With spring approaching it’s the time of year when folks are contemplating pulling their boats out of storage in anticipation of Spring paddling. The ice may still be on your local lake, but that doesn’t mean you can’t get everything ready to go before the water opens.
The first task is to collect all your gear (paddles, PFD’s, dry bags, immersion clothing, and all the required safety equipment). If you’re anything like me, this may be more challenging than it should be with things strewn here, there, and everywhere.
Which leads us to the first pre-season tune-up tip: get your gear organized.
- A check list ensures you’ve got all the necessary items or identifies any piece that has gone missing and needs replacing
- Inspect PFD’s, spray skirts, paddling clothing, etc… for tears, rips, and other damage – patch or replace as needed
- Air out dry bags, booties, gloves, and other clothing that may have been put away damp – clean using a mold remover if necessary
- Replace batteries in electronics, test your flashlight, and make sure your throw bag rope is properly coiled
Once all your gear is accounted for, the next priority is your boat.
After pulling your canoe or kayak out of storage, give it a thorough cleaning to remove any grim left from last season’s adventures or dust that’s accumulated over the winter. Not only does it bring back the luster and beauty of your boat, but it helps you easily locate any small spider cracks in gel-coat (for composite constructions) that you may have missed in the Fall.
Should you uncover any dings, now is the time to fix them in order to prevent any missed time on the water. Gel-coat repairs, patching holes, or reinforcing compromised cloth are relatively easy and can be done on your own; to learn more about doing minor repairs yourself, check out the articles Canoe Maintenance & Storage and Kayak Maintenance & Storage. For major repairs, contact us to learn about our off-site repair technician.

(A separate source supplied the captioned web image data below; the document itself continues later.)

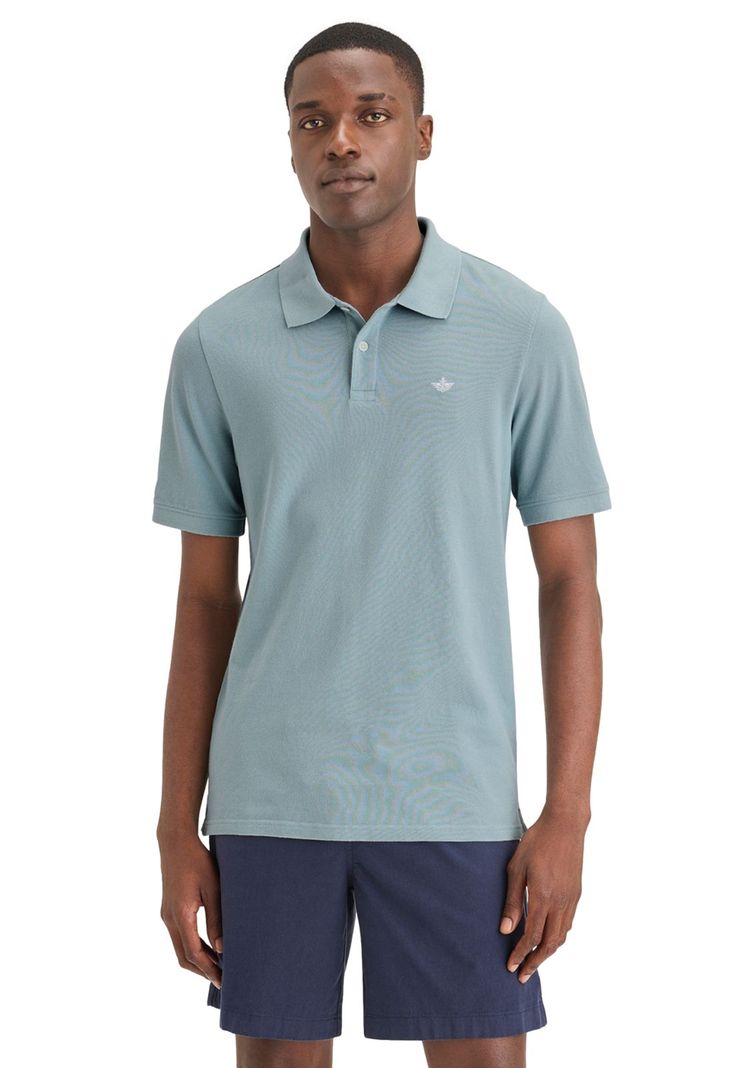 Polera Hombre Polo Pique Slim Fit Celeste A1159-0119-0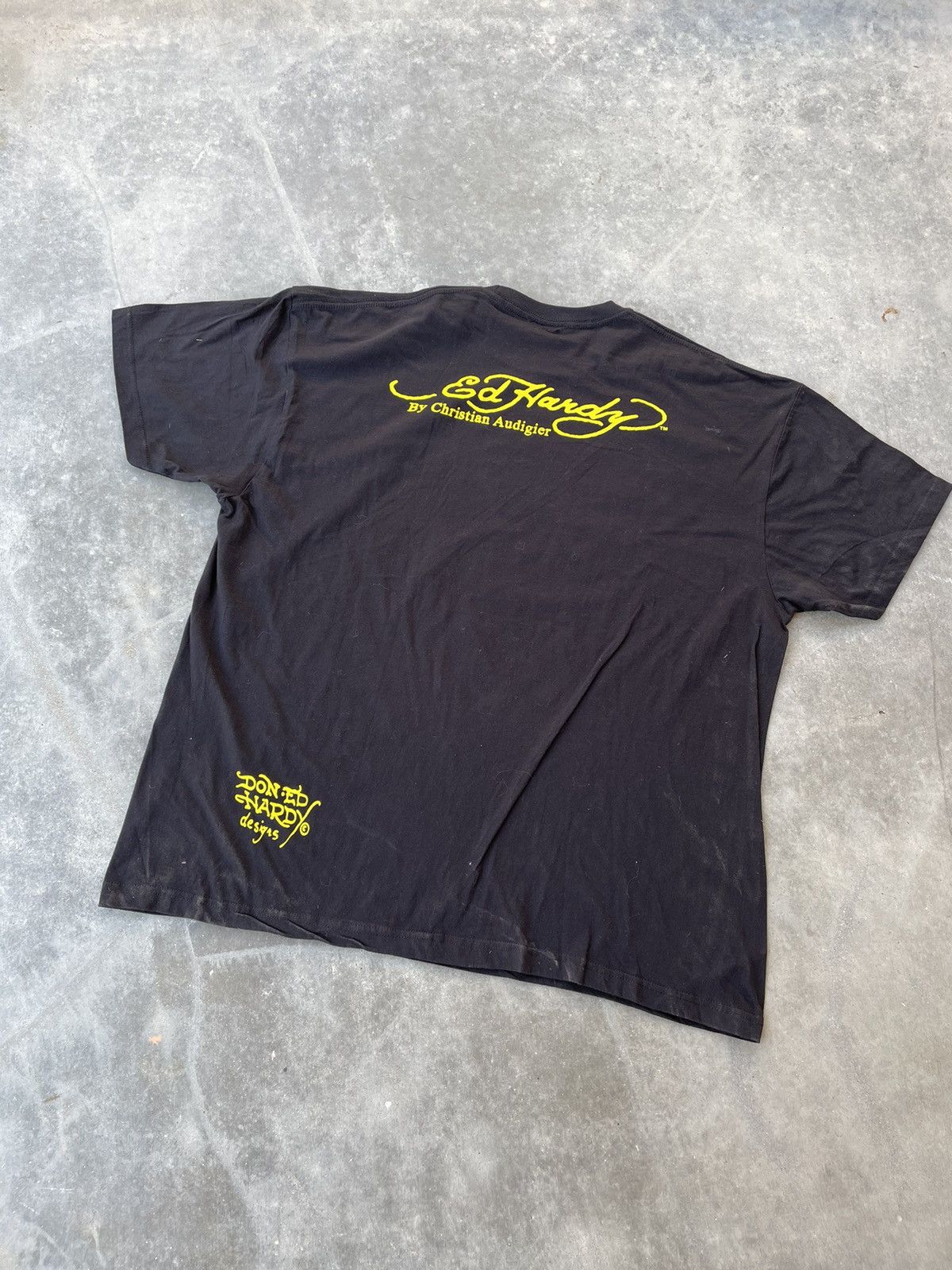 Ed Hardy × Vintage vintage y2k ed hardy skull & flames oversized t-shirt Size US XXL / EU 58 / 5 - 3 Thumbnail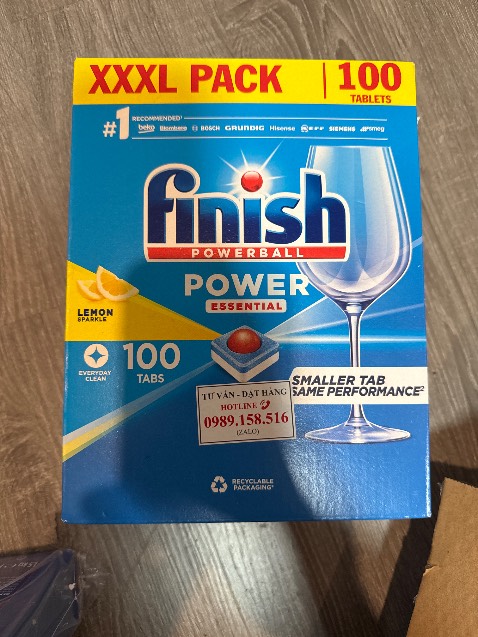 Tôi đặt 100 viên Finish All in One; Tiki giao hàng là 100 viên Finish Essential! Quá tệ!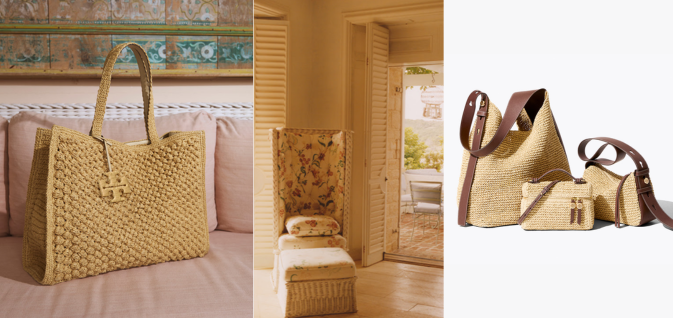 Tory Burch – The Woven Handbag Collection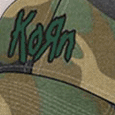 Korn Full Camo Print Baseball Cap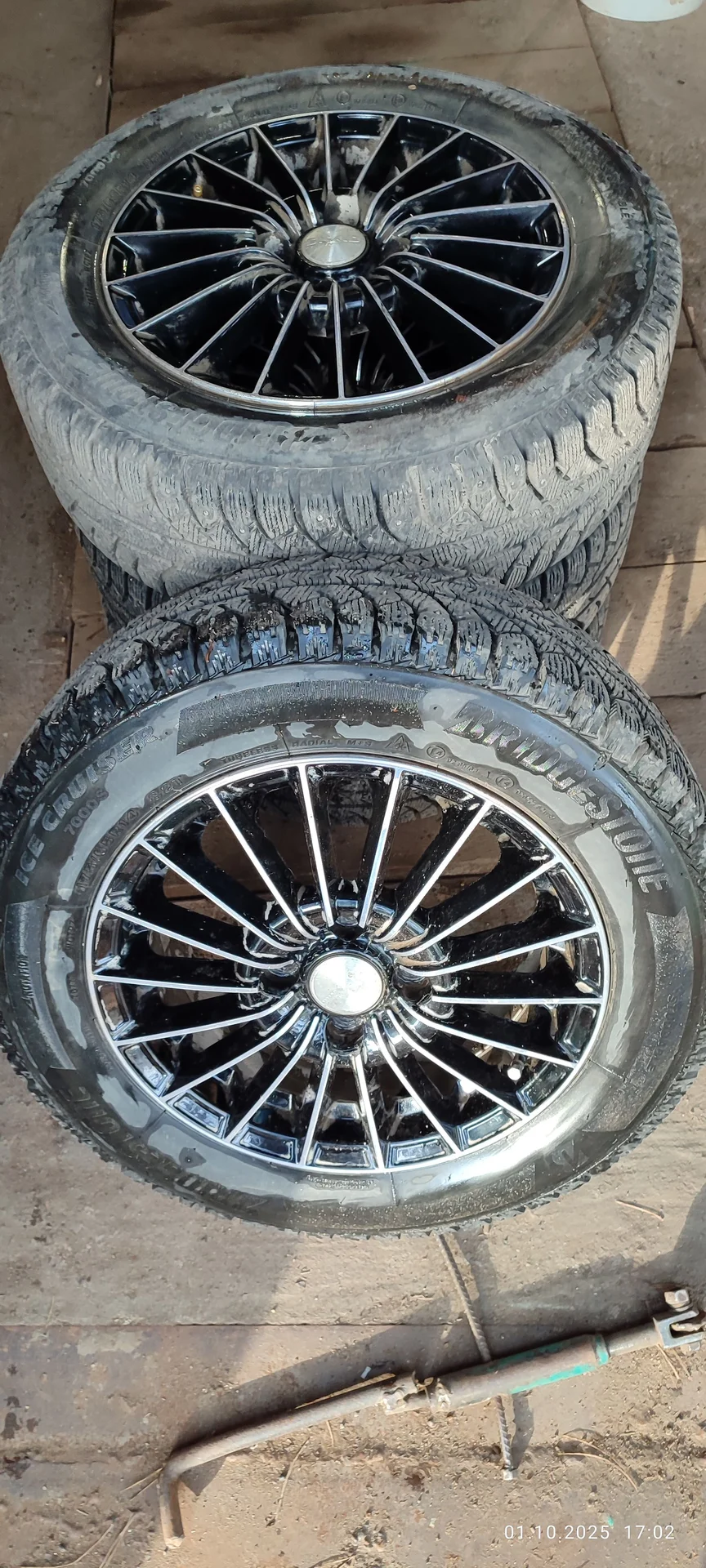 Комплект колёс Bridgestone 175 65 14 - миниатюра 2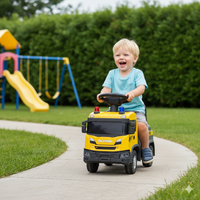 Camion Costruzioni Cavalcabile 60x28x40 cm per Bambini Scania Giallo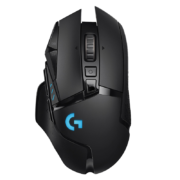 PLUS会员：logitech 罗技 G502 2.4G LIGHTSPEED 无线鼠标 25600DPI RGB 黑色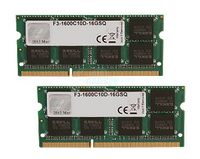 G.SKILL 芝奇 DDR3 1600 CL10 笔记本内存 1.5V 标压 2*8G套条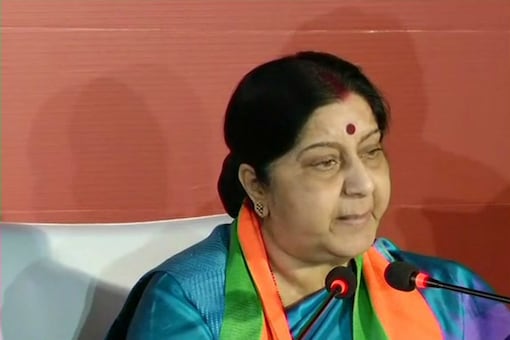 File photo of Union Minister Sushma Swaraj.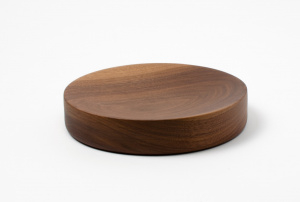 Luxury wooden storage tray Pau Natural solid walnut 18cm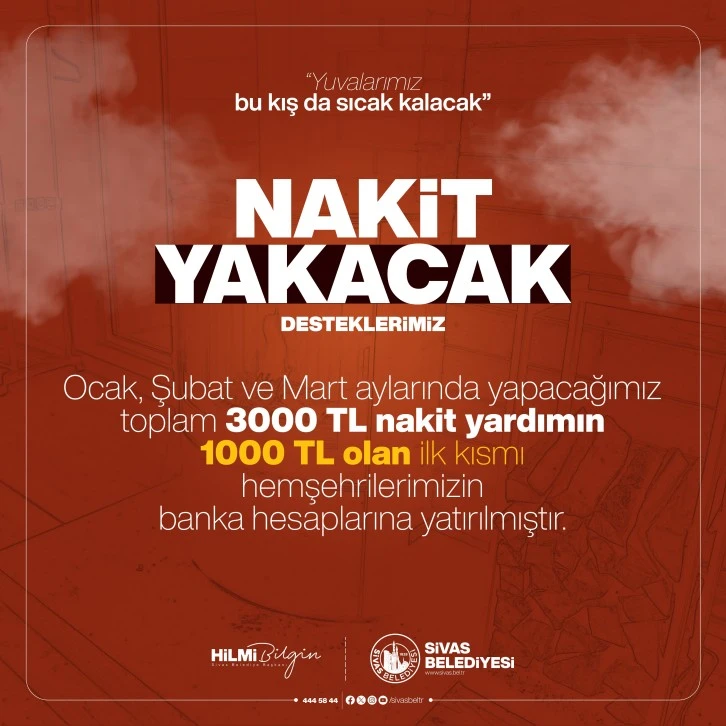 Sivas Belediyesi Yatırdı, Hesapları Kontrol Edin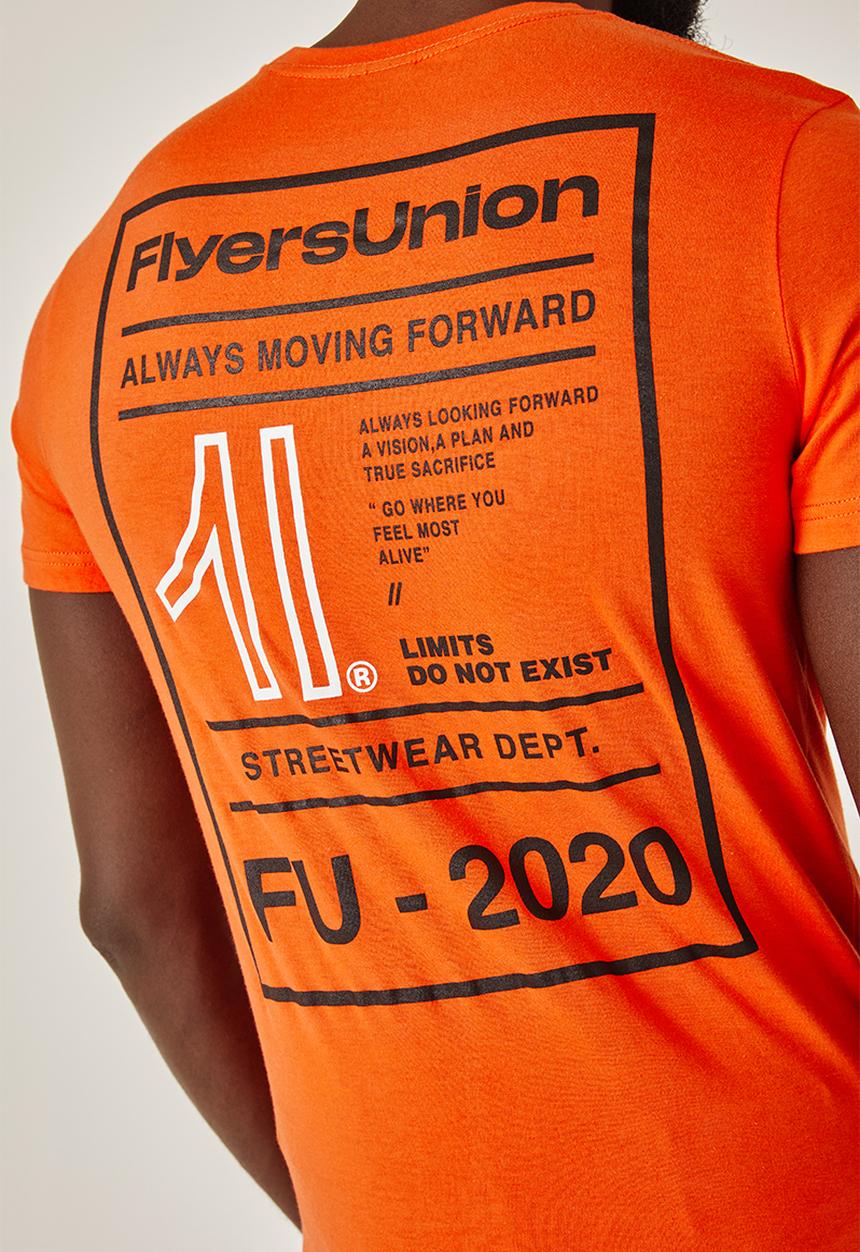 Flyersunion - Regular printed tee - orange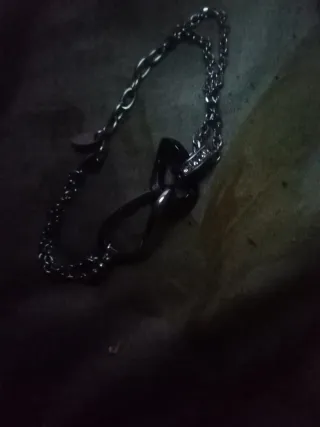 Pulsera Lotus Hombre Plata y Negro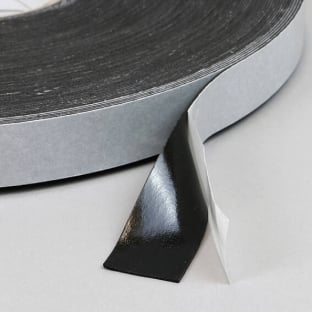 Doppelseitiges PE-Schaumklebeband, schwarz, 1 mm dick, stark haftend, EL100-02 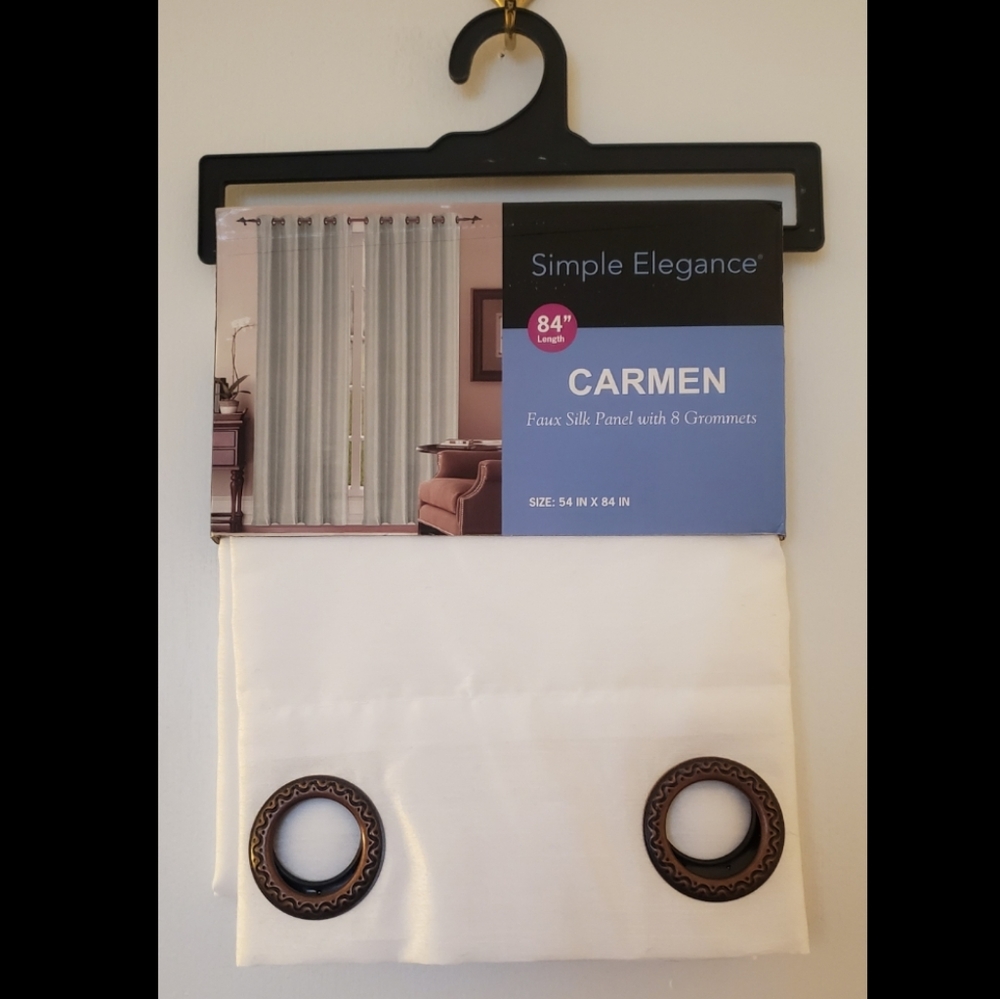 NWT Simple Elegance 84" Curtain Panel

Here are a few other tune-up tips relating to your boat:
- Open hatch lids to allow the compartments to air out – clean with a mold remover if necessary
- Inspect hatch lids for cracks and suppleness – apply 303 Protectant to ‘soften’ up the covers and prevent cracks / replace if necessary
- Check functionality of skeg / rudder controls – repair if needed
- Be conscious of temperature if conducting gel-coat or cloth repairs out side or in an unheated space – resin and gel-coat does not set-up properly if it is cooler than 10˚ Celsius
Lastly, it’s important to prepare your body for paddling and not just your equipment. If you find yourself hunkered down for most of the off-season, tuning up your fitness will go a long way to improving the experience of your first couple of trips. It will help prevent injury, reduce fatigue, and allow you to stay on the water longer during the inaugural outing.
- Ease into a simple workout regime to up your cardio and strength
- Participate in a few yoga classes to improve flexibility and strengthen your core
- Stay limber by taking part in activities such as that activate your paddling muscles
- Start off slow and increase the difficulty of your sessions as the start of the paddling season gets closer
Now get out paddling!
If there’s open water nearby and you have the skill and proper equipment for cold water paddling, then get a head-start on the paddling season. That said, be sure to exercise caution and don’t exceed your abilities; safety is paramount in paddling, and that’s even more true when it comes to being on the water in the late winter.